Top of Funnel (ToFu): This is your prospecting layer. Its job is to find new people who have never heard of you. For a new account, you'd start with detailed targeting - interests, behaviours, etc., that align with your ICP's nightmare problem. Once you have enough data (and I mean a lot, hundreds or thousands of conversions), you can start testing lookalike audiences. The mistake I see most often is people creating a lookalike of "all website visitors." That's too broad. You need to prioritise. A lookalike of your highest value customers is gold dust. A lookalike of people who purchased is next best. Then add to cart, then initiated checkout, and so on. You're giving the algorithm a much better quality signal to work with.

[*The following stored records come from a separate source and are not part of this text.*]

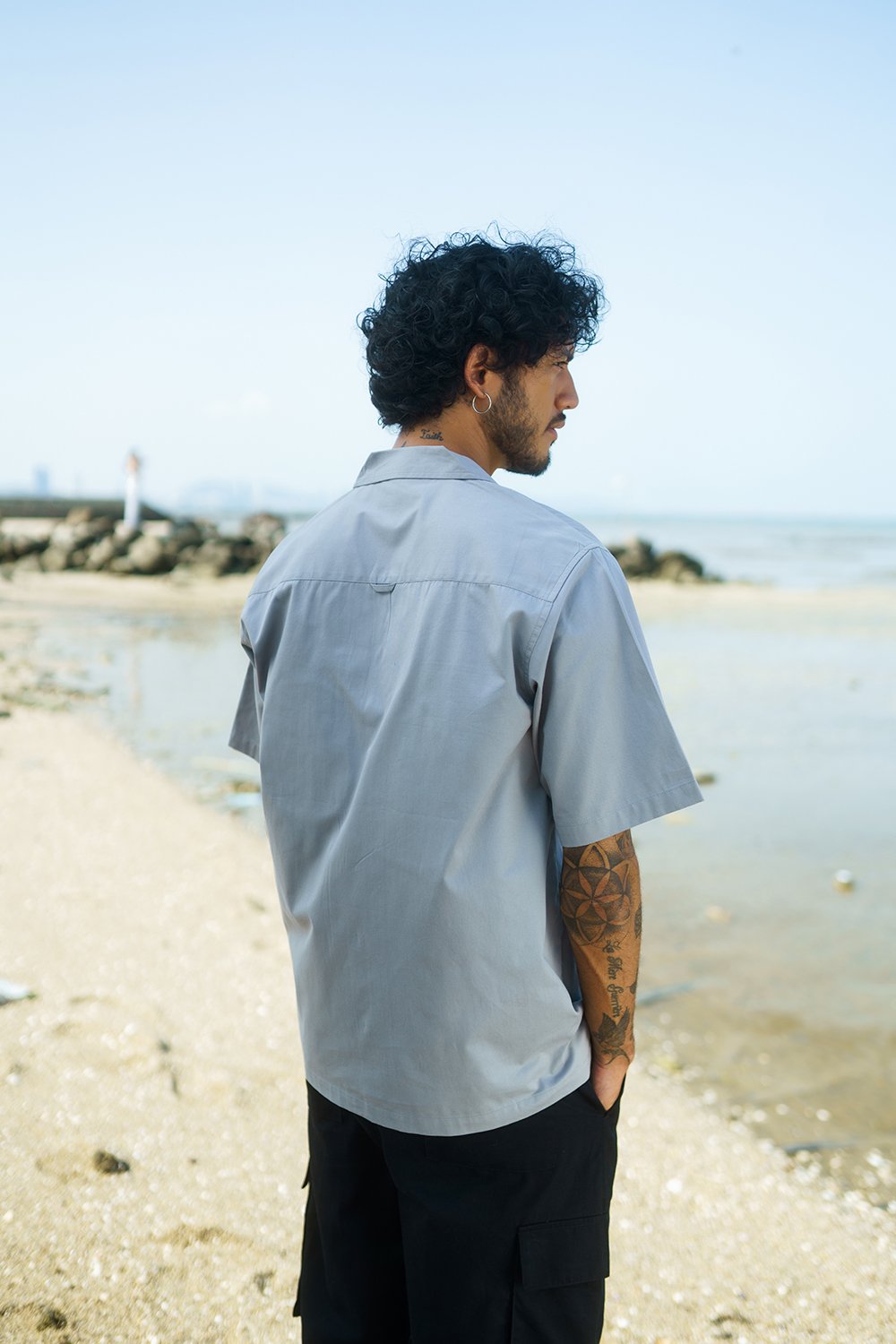 Grey Utility Heavyweight Shirt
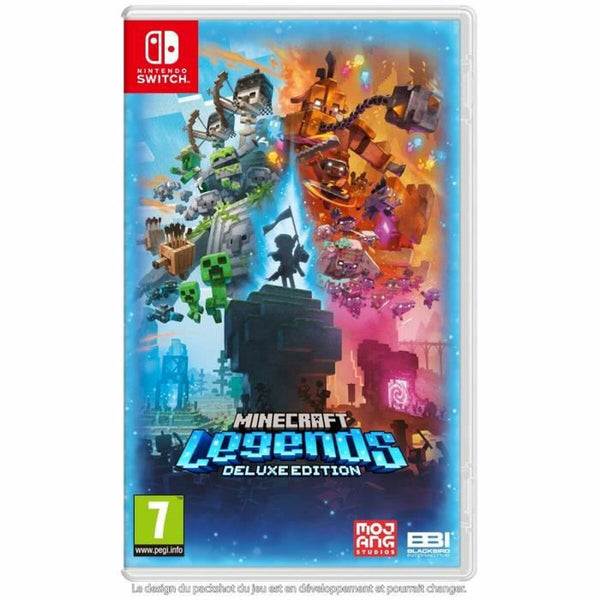 Videogioco per Switch Nintendo Minecraft Legends - Deluxe edition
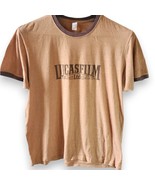 Rare Lucasfilm Ltd. Star Wars Celebration IV 2007 Ringer Tee, XXL, Brown... - $37.50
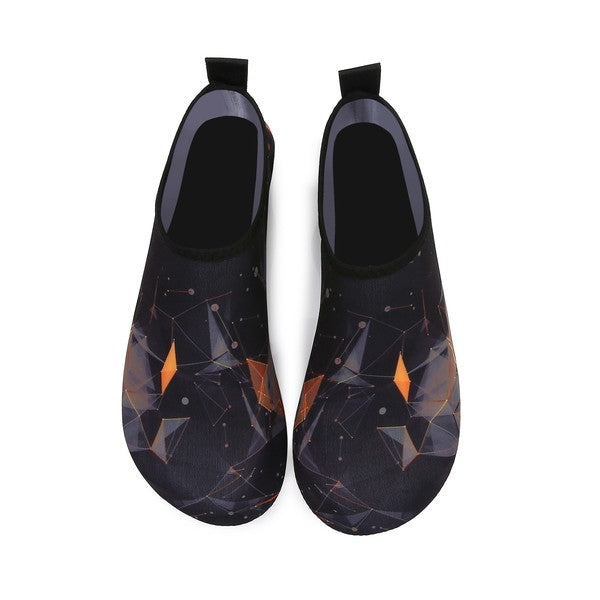 Aqua Shoes . Unisex Fashionable constellation Aqua Shoes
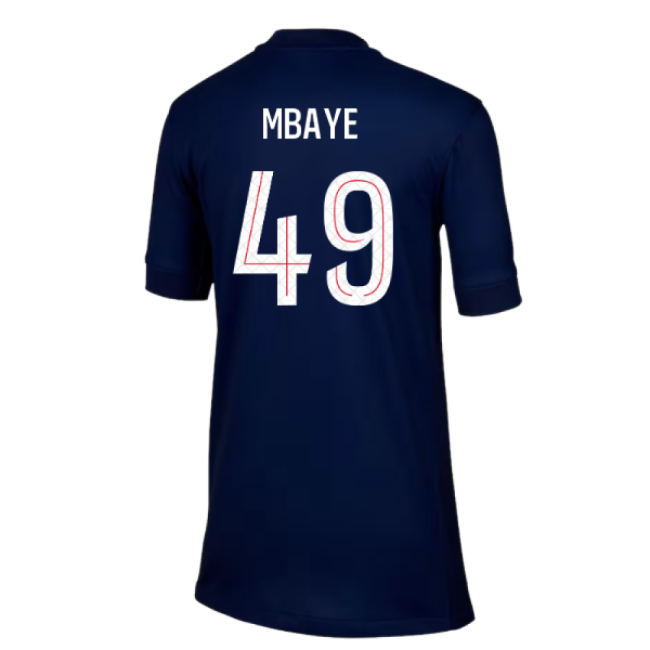 PSG 2025-2026 Home Jersey - Kids #89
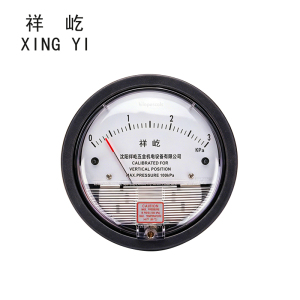 祥屹 差压表 XY2000 0-3KPa 块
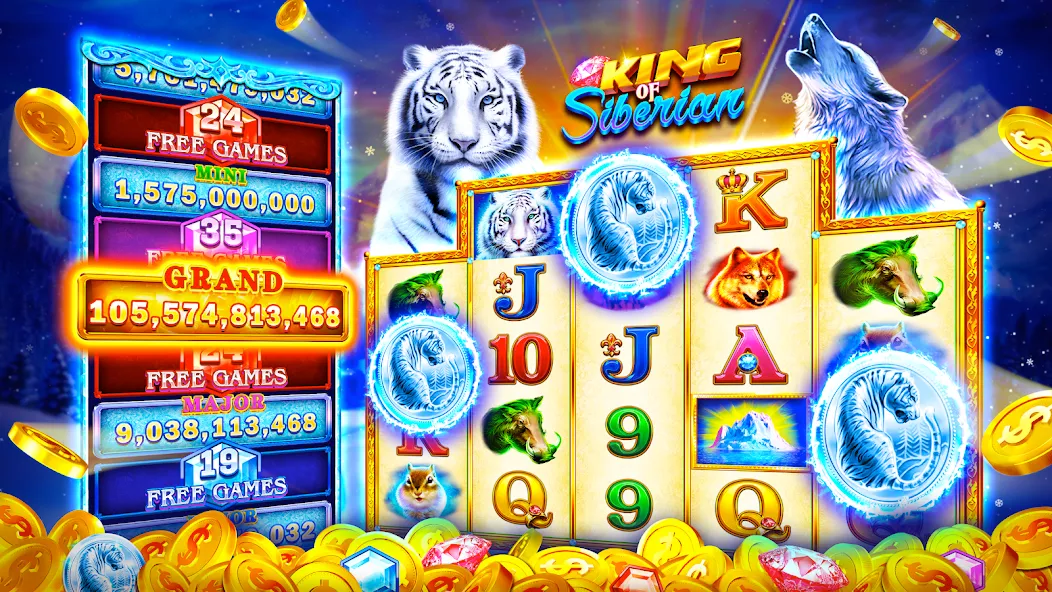 Jackpot World™ - Slots Casino (Джекпот Ворлд) [МОД Unlocked] APK Android Screenshot 5
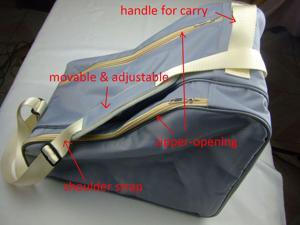 Men Women Unisex New Large Figure/Hockey/Inline/Quad/Ice Skates Roller Blade Ice Hockey Inline Hockey Roller Skates Bags Shoulder Strap Hand Carry Bag Shoulder bag Men Women Unisex New Large Figure/Hockey/Inline/Quad/Ice Skates Roller Blade Ice Hockey Inline Hockey Roller Skates Bags Shoulder Strap Hand Carry Bag Shoulder bag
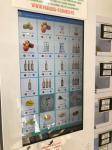 Breads Fresh Food Vending Machine Large Capacity Lockers In France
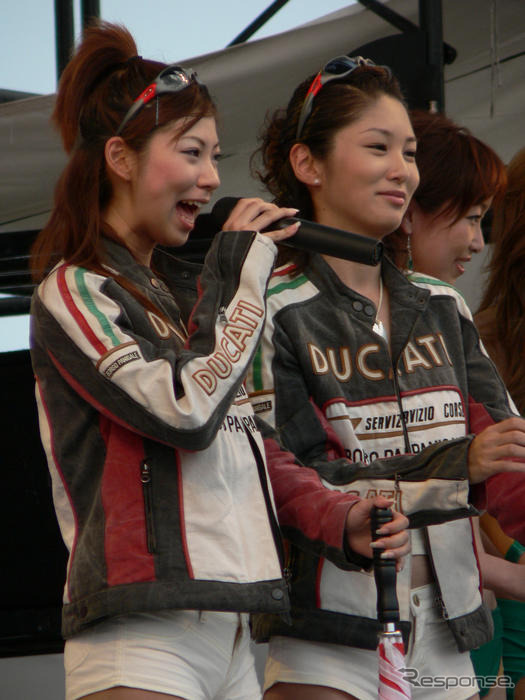 【鈴鹿8耐】レースクイーン写真蔵…第八弾、ドゥカティ デスモウーマン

Middle of Funnel (MoFu): This is for people who have shown some interest but haven't taken a key action yet. They might have visited your website, watched 50% of your video ad, or engaged with your Instagram page. The goal here is to nurture them, build trust, and move them further down the funnel. You might show them case studies, testimonials, or different angles on your product's benefits. These audiences are warmer and should have a lower CPA than your ToFu campaigns.
Bottom of Funnel (BoFu): These are your hottest prospects. They've added a product to their cart, visited the checkout page, or maybe even added their payment info but got distracted. This is your retargeting safety net. Your goal here is to get them over the finish line. You might show them an ad reminding them of what's in their cart, maybe with a small incentive like free shipping to close the deal. This should be your most profitable campaign with the highest ROAS.

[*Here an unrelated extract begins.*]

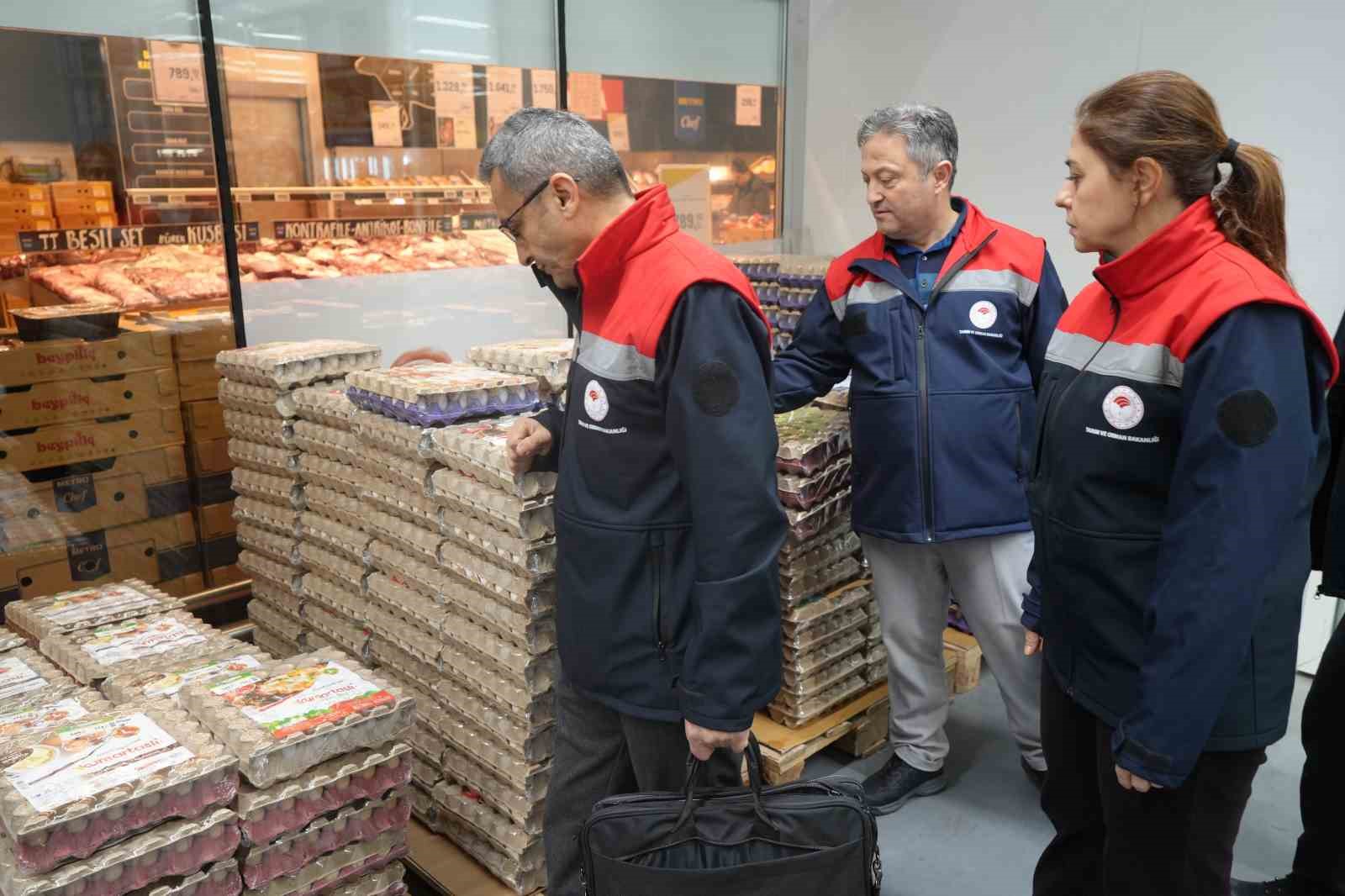 Samsun’da gıda denetimlerinde 285 işletmeye 23 milyon TL ceza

When you scale, you need all three of these layers working in harmony, with seperate budgets for each. You'll spend the most on ToFu to keep feeding the machine with new people, while your MoFu and BoFu campaigns work to convert that interest into revenue. It's a system, not a single campaign.
You'll have to get serious about creative...

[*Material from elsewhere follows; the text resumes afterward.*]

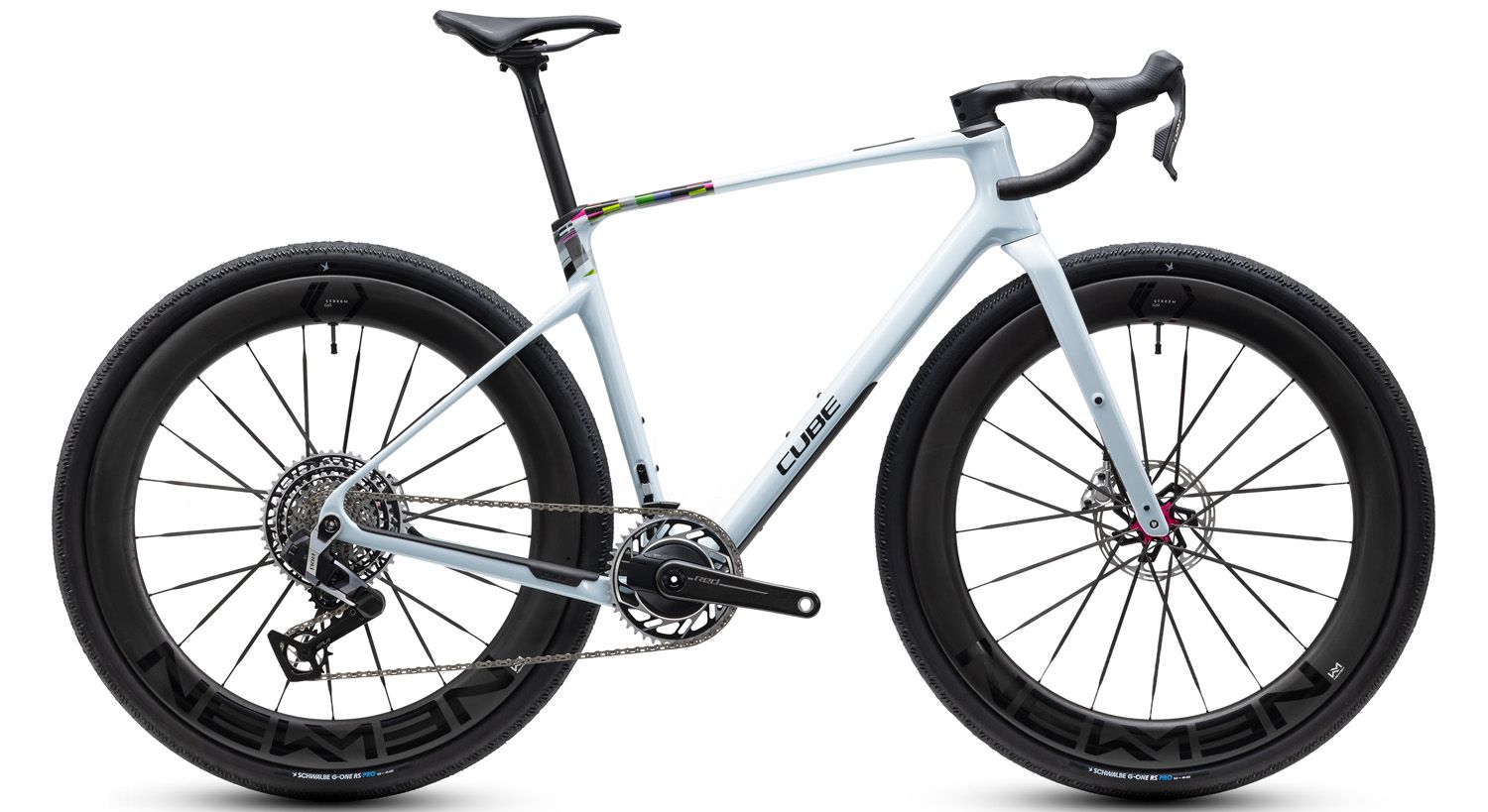 CUBE Nuroad C62 SLT 2027 gravel-pyörä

As you increase spend, you will burn through audiences and creative much faster. The ad that was a winner for three months will suddenly die after three weeks. This is called creative fatigue, and it's the silent killer of scaled campaigns. The solution is to build a creative testing engine. You need a constant stream of new ads—new images, new videos, new copy, new angles—always testing to find the next winner.
This goes back to your ICP's nightmare. For every problem, there are dozens of ways to talk about it. Your ads need to reflect that. You don't just sell "accounting software"; you sell "an end to stressful month-ends," "confidence in your cashflow," or "more time to focus on growth." Each of these is a different angle you can test.
We've had several SaaS clients see fantastic results with User Generated Content (UGC) style videos. These are simple, authentic-looking videos, often filmed on a phone, that feel more like a recommendation from a friend than a corporate ad. They build trust and can be incredibly effective, especially with skeptical audiences you encounter at scale. The key is to test relentlessly. Always have multiple creatives running in an ad set, give them a few days to perform, kill the losers, and replace them with new contenders. It's a continuous process of optimisation.
Think about a high-ticket product, like lab equipment. You don't just list the specs. You state the consequence. An ad shouldn't say, "Our spectrometer has a 0.001% margin of error." It should say, "Publish results with unshakeable confidence, secure more funding, and attract top talent that other labs can only dream of." You're selling the outcome, not the feature. At scale, this distinction is everything.
We'll need to look at platform expansion...
Finally, there's a hard limit to how much you can scale on a single platform. Every platform has a finite pool of your ideal customers. Once you've reached most of them, your costs will inevitably rise as you're forced to show ads to less relevant people. The answer is to diversify.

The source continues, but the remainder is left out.